### Required work
From the first line to the last, set down the material exactly, leaving out its pictures.

### Task inputs

=== Begin Enclosure ===

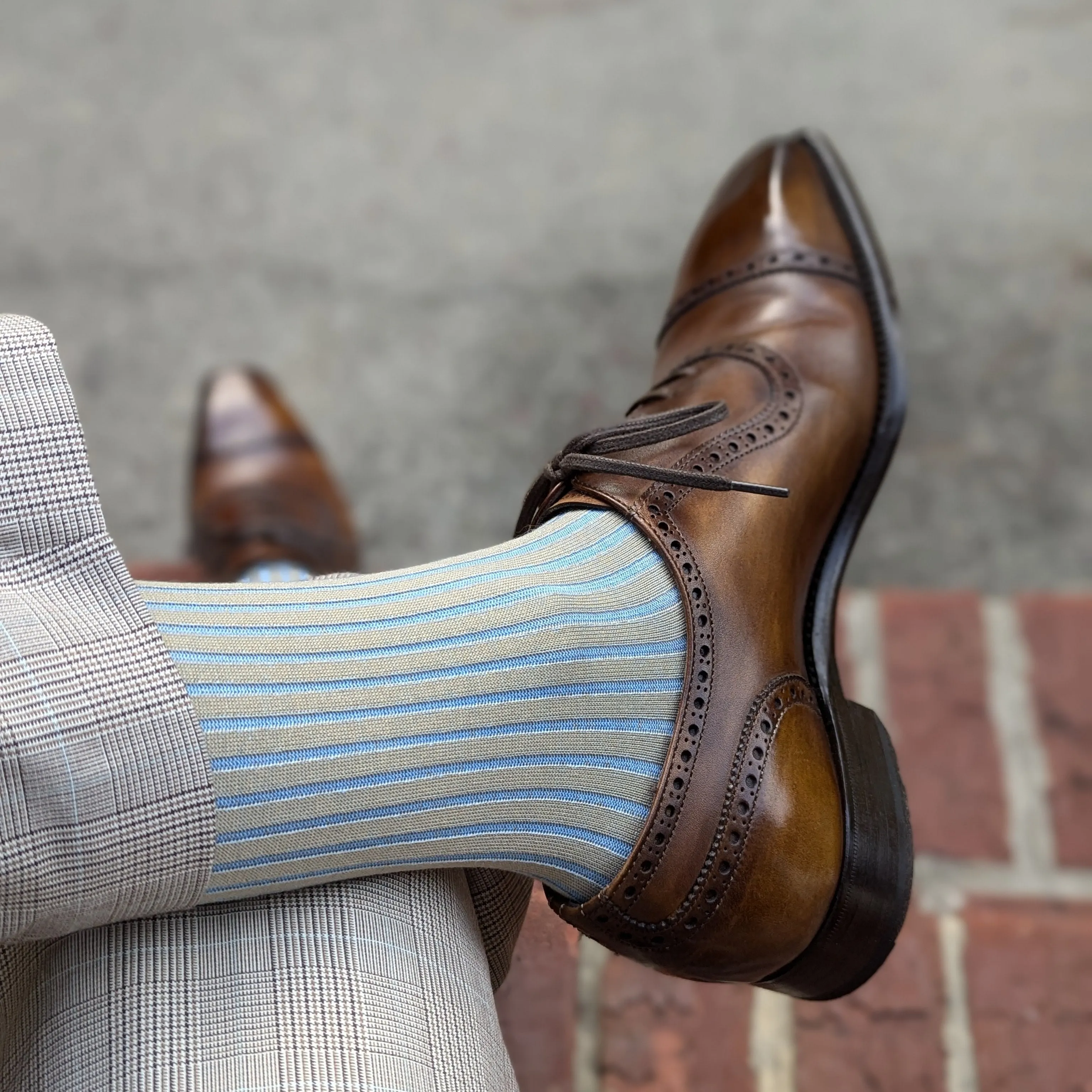 New!! Shadow Stripe Socks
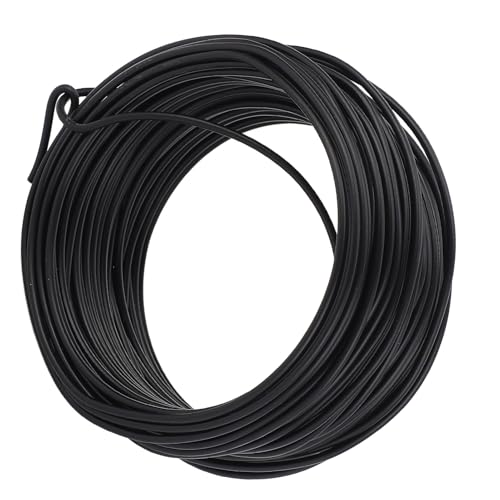 Alambre de atar de hierro galvanizado 1.5mm x 20m boca redonda, alambre metálico flexible para cable PVC de telecomunicaciones, fuerte y flexible (Negro) miniatura 7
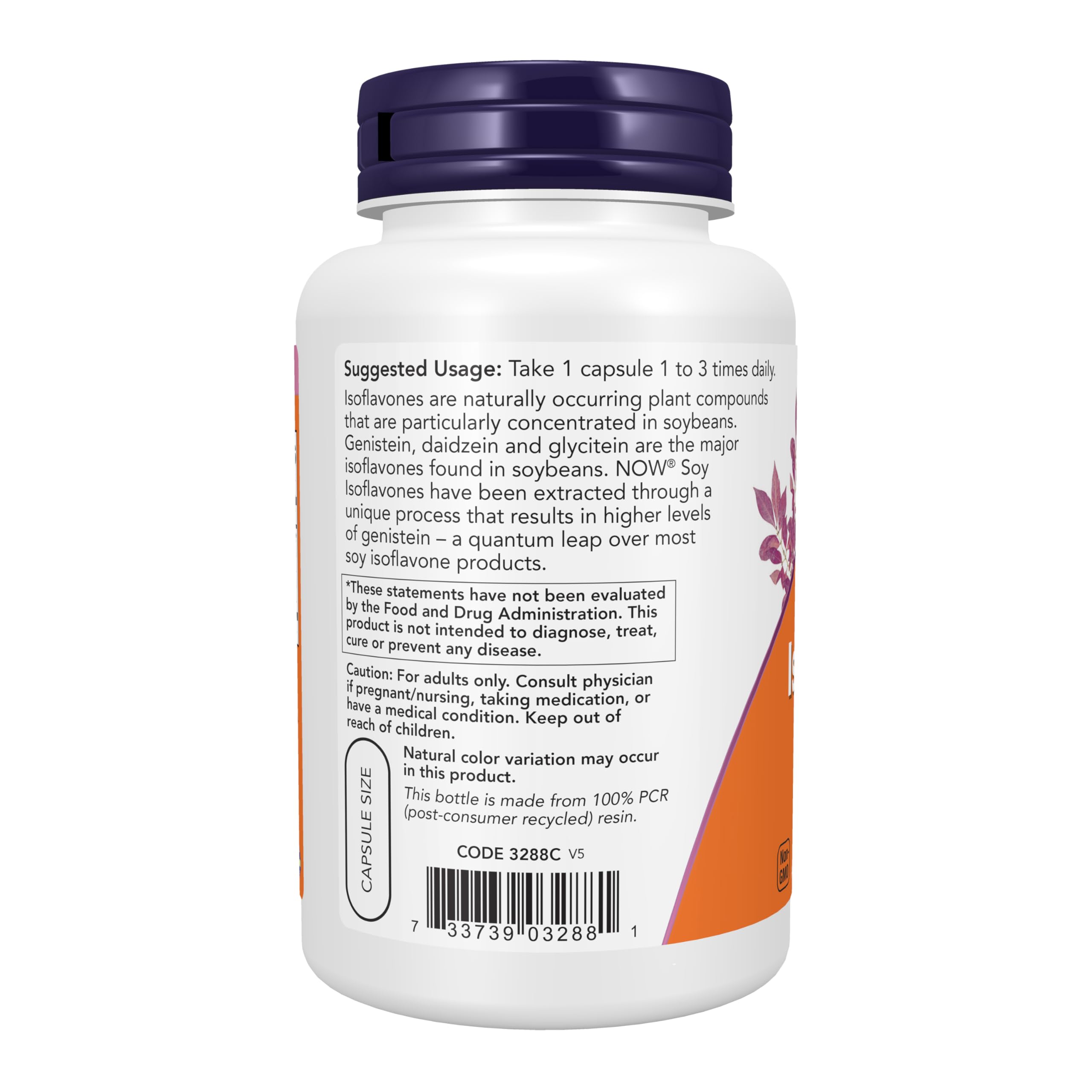 NOW Foods etiqueta con ingredientes y certificados, confianza en calidad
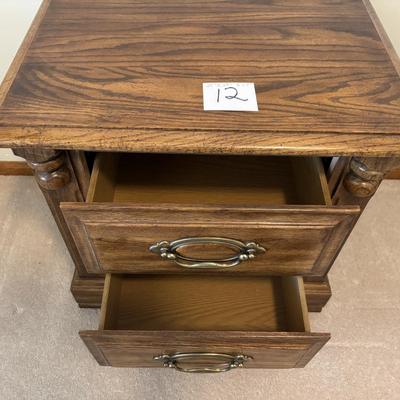 Vintage Wooden Night Stand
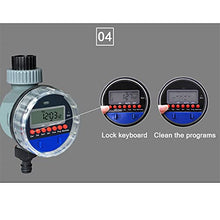 Automatic LCD Display Watering Timer Electronic Home Garden Ball Valve Water Timer for Garden Irrigation Controller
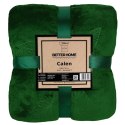 Koc Calen 150x200 zielony wytłaczany w liście mikroflanela Lato 23 Koc Calen 150x200 zielony wytłaczany w liście mikroflanela Lato 23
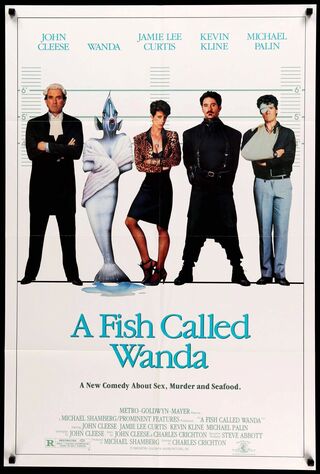 A Fish Called Wanda (1988) Main Poster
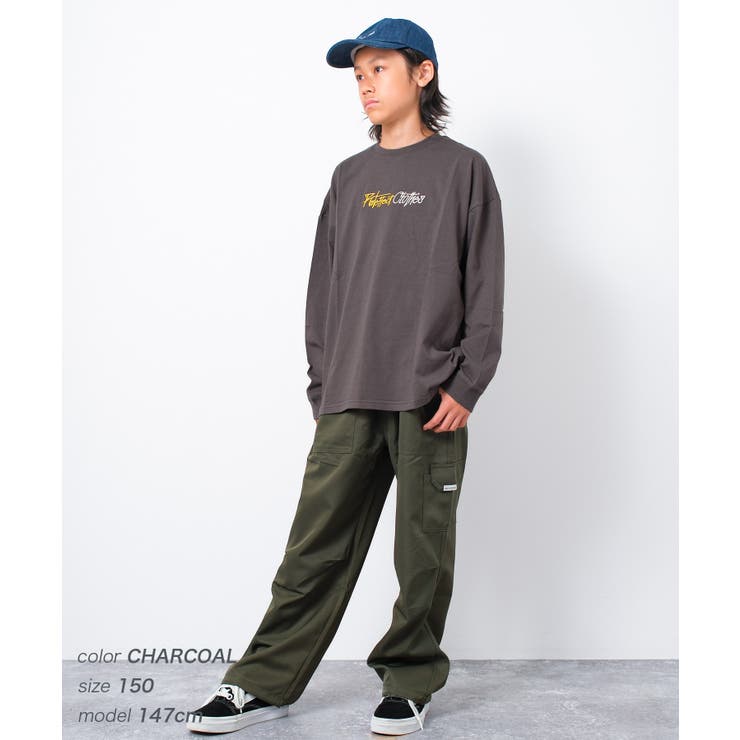 RATEFFECT CLOTHESスーパーBIGロングTシャツ トップス | 子ども服 SHUSHU | 詳細画像5 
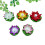 10Pièces Lanternes Lotus Électroniques Décorative Assorties 10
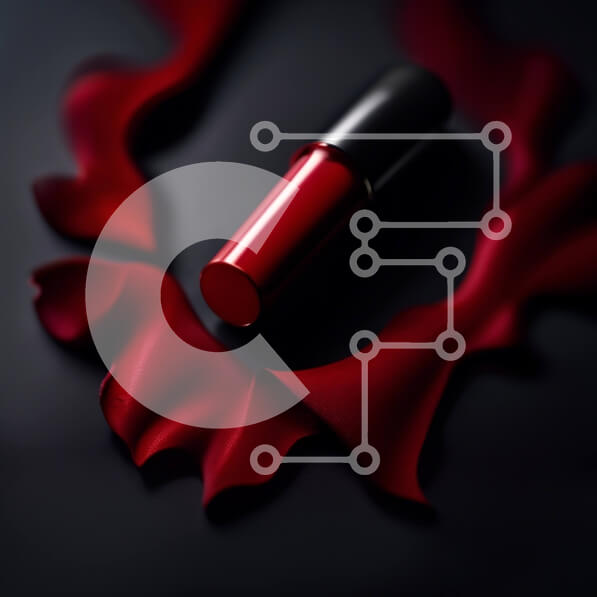 Σετ των 2 Intra Συλλεκτικό Ξύλινο Παζλ Plywood  4mm - Εκπληκτική εικόνα κόκκινου κραγιόν με ρέουσα κορδέλα Σε Ξύλινο Κουτί - Διαστάσεις: 10x10 cm – 25 κομμάτια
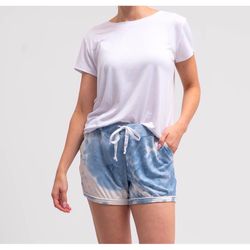 Hello Mello Dyes The Limit Women's Shorts M/L Blue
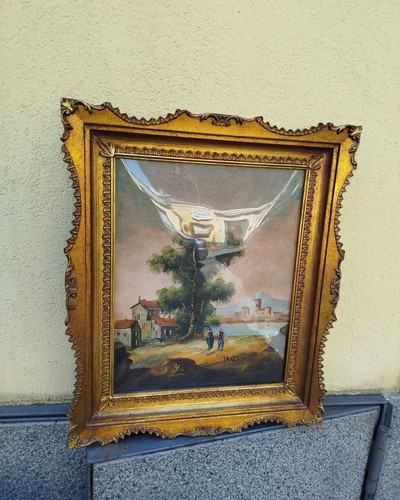 Quadro pittura paesaggio anni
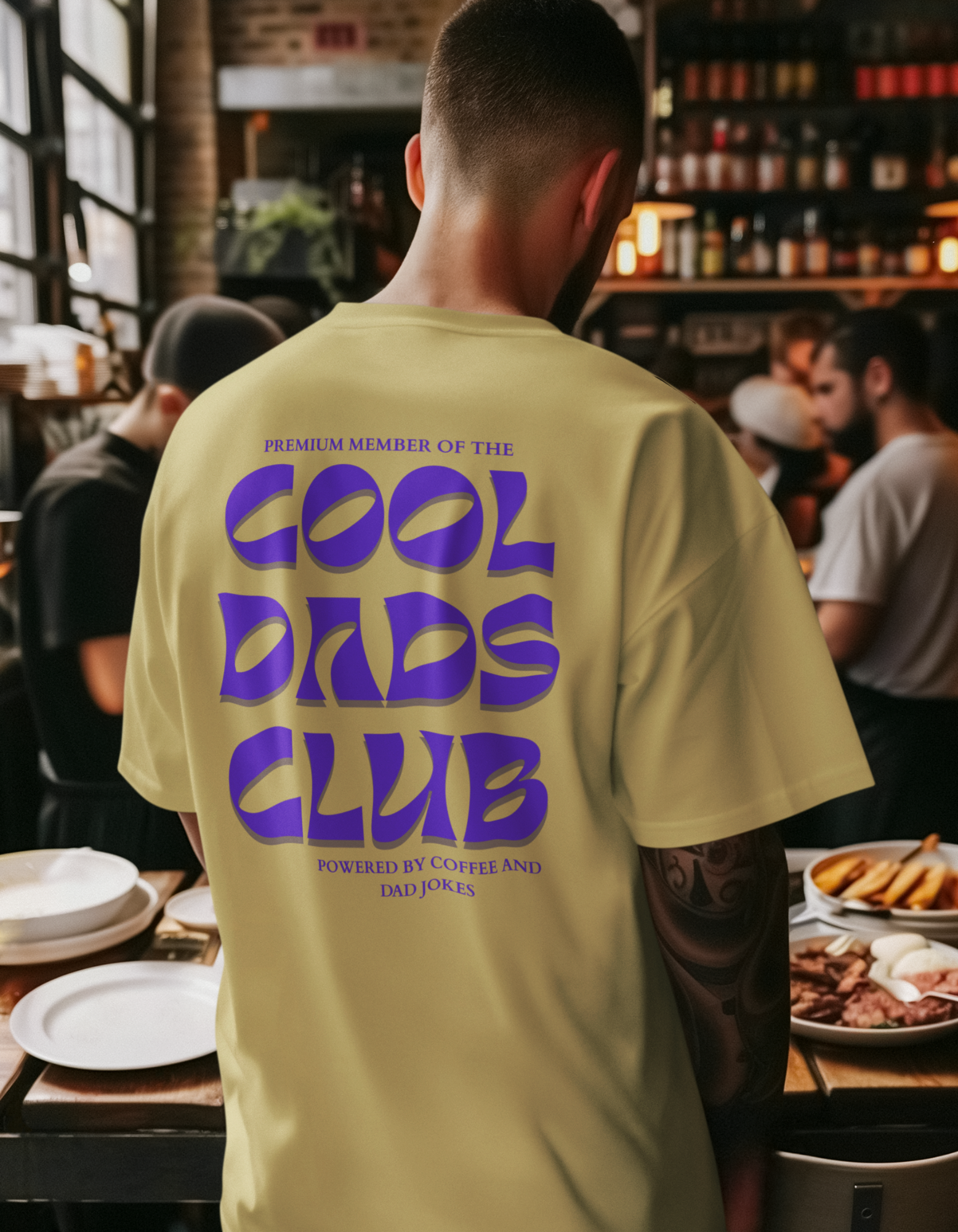 Oversized Cool Dads Club T-Shirt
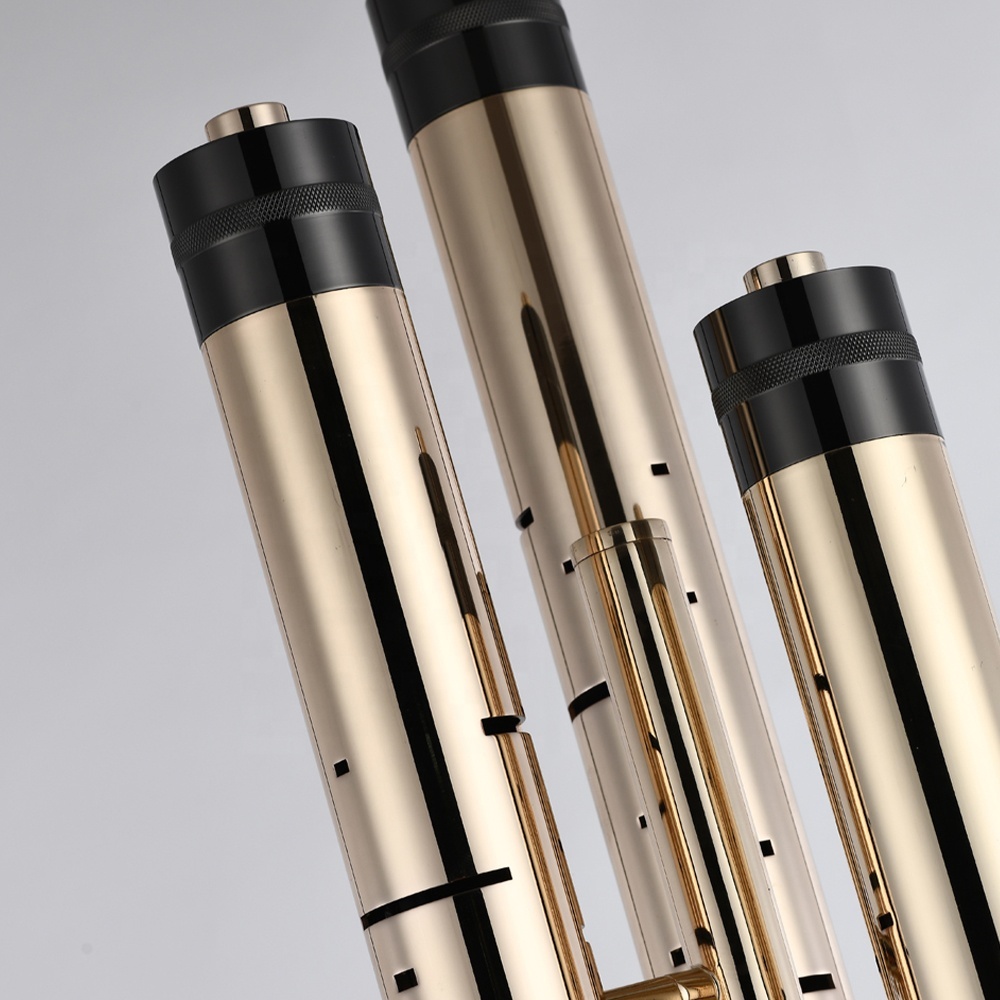 Pearl black+Elegant pale gold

=== End Enclosure ===

### Written solution
 New!! Shadow Stripe Socks
 Alambre de atar de hierro galvanizado 1.5mm x 20m boca redonda, alambre metálico flexible para cable PVC de telecomunicaciones, fuerte y flexible (Negro) miniatura 7
 NOW Foods etiqueta con ingredientes y certificados, confianza en calidad
 Vintage Wooden Night Stand
 Automatic LCD Display Watering Timer Electronic Home Garden Ball Valve Water Timer for Garden Irrigation Controller
 Koc Calen 150x200 zielony wytłaczany w liście mikroflanela Lato 23 Koc Calen 150x200 zielony wytłaczany w liście mikroflanela Lato 23
 A Fish Called Wanda (1988) Main Poster
 RATEFFECT CLOTHESスーパーBIGロングTシャツ トップス | 子ども服 SHUSHU | 詳細画像5 
 10Pièces Lanternes Lotus Électroniques Décorative Assorties 10
 Σετ των 2 Intra Συλλεκτικό Ξύλινο Παζλ Plywood  4mm - Εκπληκτική εικόνα κόκκινου κραγιόν με ρέουσα κορδέλα Σε Ξύλινο Κουτί - Διαστάσεις: 10x10 cm – 25 κομμάτια
 Hello Mello Dyes The Limit Women's Shorts M/L Blue
 Quadro pittura paesaggio anni
 Oversized Cool Dads Club T-Shirt
 Pearl black+Elegant pale gold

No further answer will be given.